== Records to process

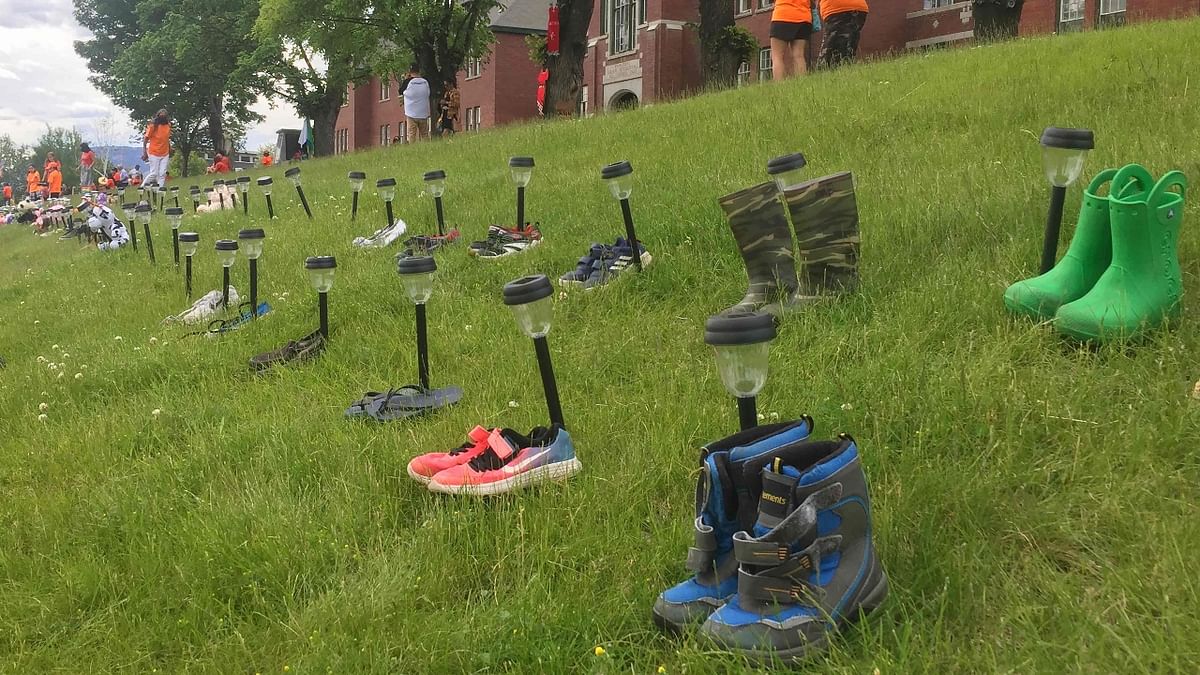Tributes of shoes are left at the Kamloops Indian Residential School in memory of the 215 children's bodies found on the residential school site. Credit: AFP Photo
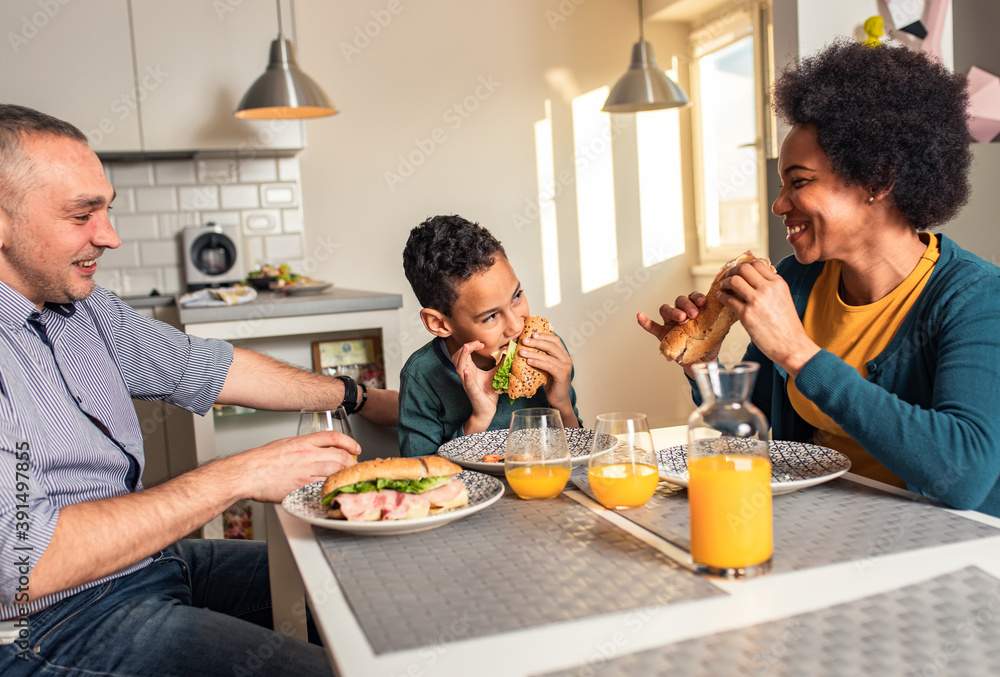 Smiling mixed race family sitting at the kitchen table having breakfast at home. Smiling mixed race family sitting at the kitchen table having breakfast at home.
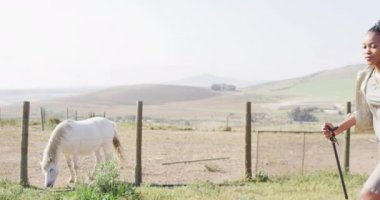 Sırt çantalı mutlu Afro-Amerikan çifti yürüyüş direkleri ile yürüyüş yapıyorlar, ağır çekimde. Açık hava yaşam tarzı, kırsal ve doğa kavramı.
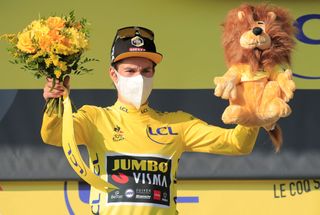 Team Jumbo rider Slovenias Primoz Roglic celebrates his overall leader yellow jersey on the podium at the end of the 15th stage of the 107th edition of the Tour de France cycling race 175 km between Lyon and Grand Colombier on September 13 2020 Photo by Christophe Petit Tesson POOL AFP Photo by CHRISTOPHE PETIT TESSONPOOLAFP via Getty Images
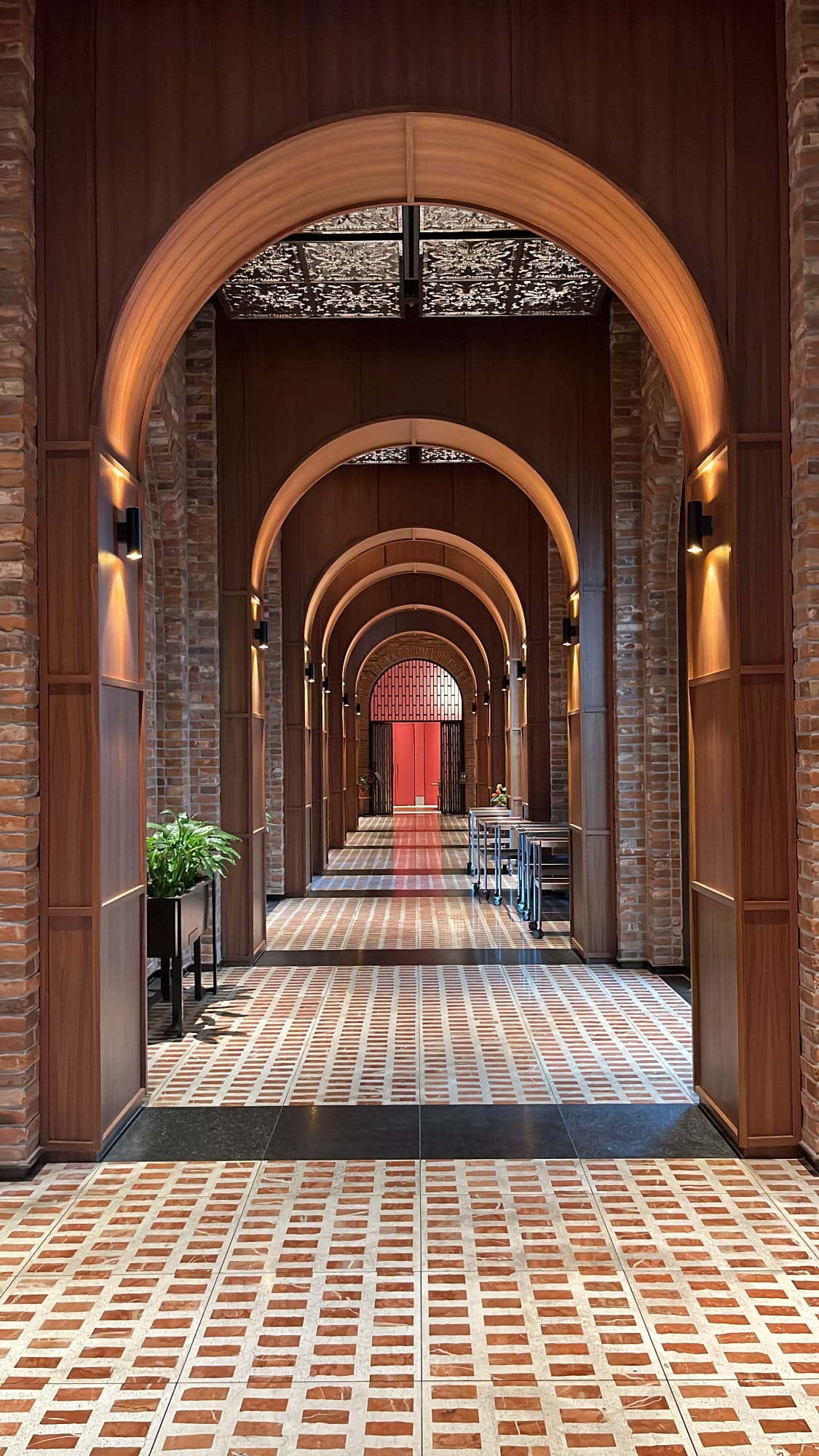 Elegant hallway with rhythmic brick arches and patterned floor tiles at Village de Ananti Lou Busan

====

- _Activity_
Extract, character for character, every line from the one that holds "Team Jumbo rider" through the end of the entries above. Include both boundary lines and no pictures.

- _Expected answer_
 Team Jumbo rider Slovenias Primoz Roglic celebrates his overall leader yellow jersey on the podium at the end of the 15th stage of the 107th edition of the Tour de France cycling race 175 km between Lyon and Grand Colombier on September 13 2020 Photo by Christophe Petit Tesson POOL AFP Photo by CHRISTOPHE PETIT TESSONPOOLAFP via Getty Images
 Elegant hallway with rhythmic brick arches and patterned floor tiles at Village de Ananti Lou Busan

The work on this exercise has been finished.